Going line by line through the records below, write out everything starting with the line containing "Blackburn Buccanner Imperial" and going on through the line containing "MONO BALLET BLACK", exactly and inclusively. Pictures do not go in.

**Input data**
-- Opening Marker --

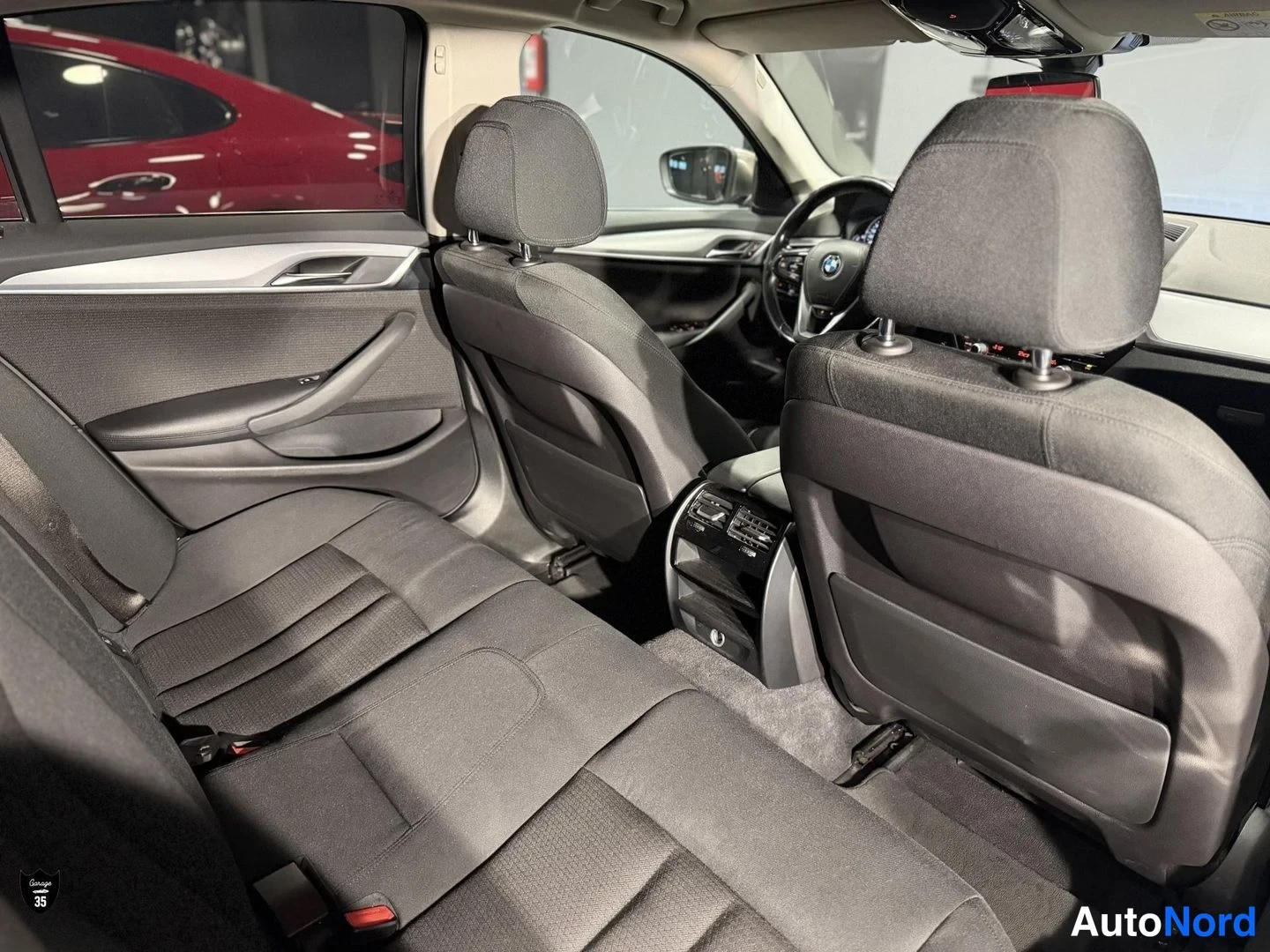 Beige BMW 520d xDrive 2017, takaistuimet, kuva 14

-- Closing Marker --
-- Opening Marker --

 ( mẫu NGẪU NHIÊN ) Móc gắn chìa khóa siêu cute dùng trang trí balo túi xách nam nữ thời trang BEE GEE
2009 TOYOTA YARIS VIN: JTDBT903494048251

-- Closing Marker --
-- Opening Marker --

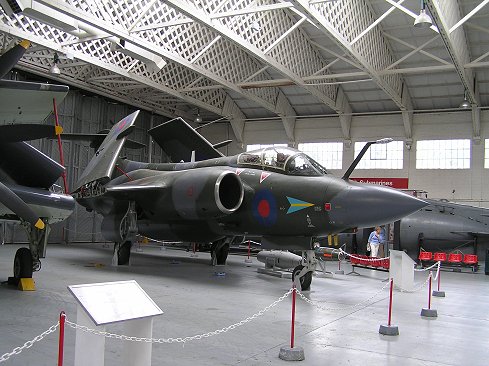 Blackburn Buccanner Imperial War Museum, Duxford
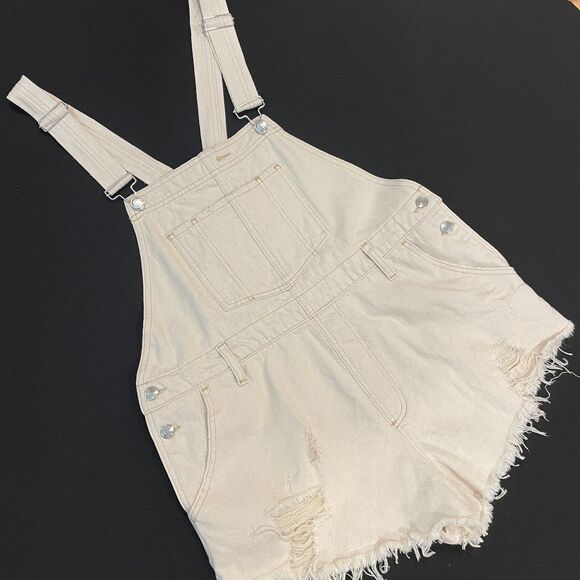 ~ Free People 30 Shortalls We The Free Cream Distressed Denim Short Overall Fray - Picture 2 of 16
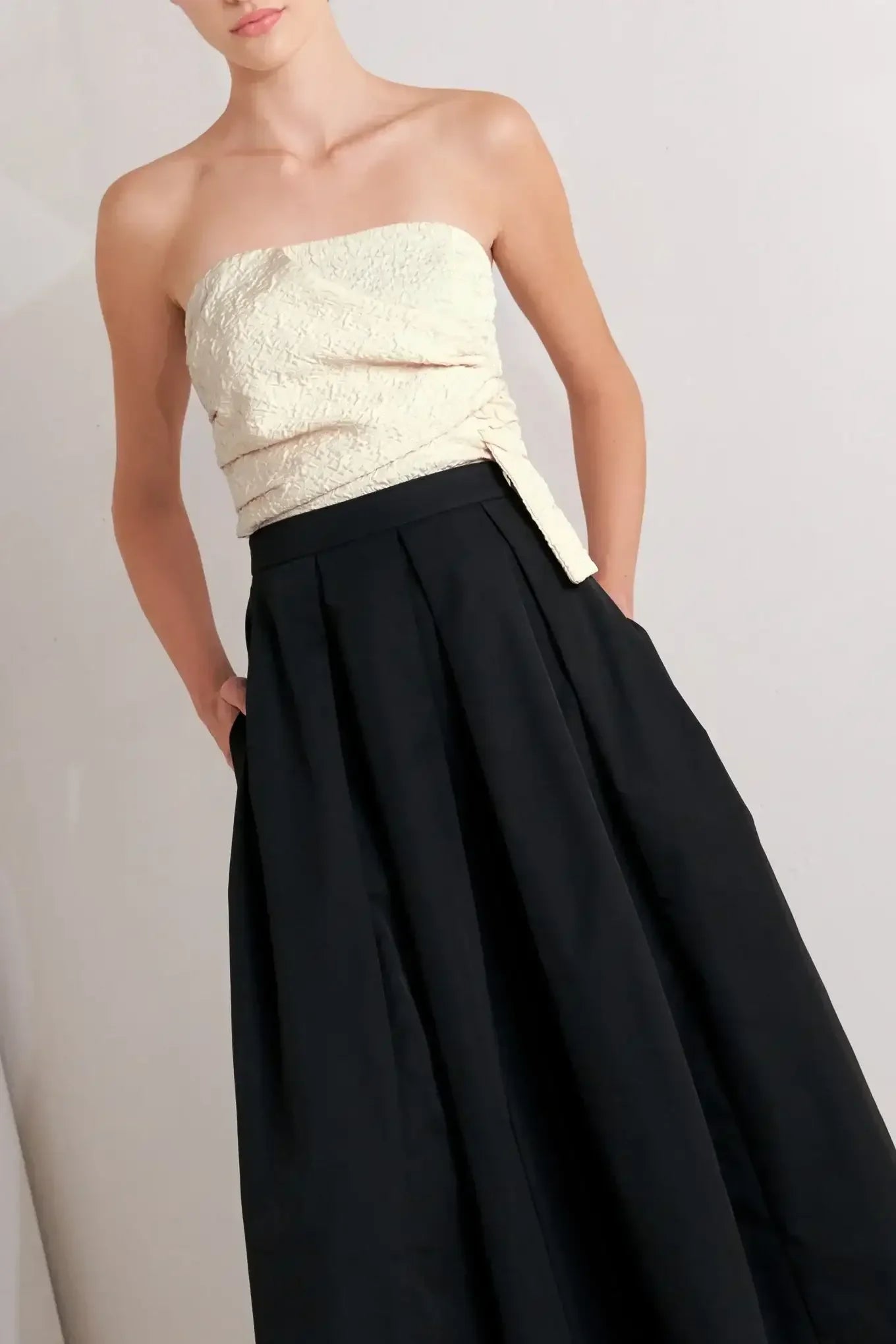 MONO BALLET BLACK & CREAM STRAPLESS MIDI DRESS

-- Closing Marker --

**Task result**
 Blackburn Buccanner Imperial War Museum, Duxford
 ~ Free People 30 Shortalls We The Free Cream Distressed Denim Short Overall Fray - Picture 2 of 16
 MONO BALLET BLACK & CREAM STRAPLESS MIDI DRESS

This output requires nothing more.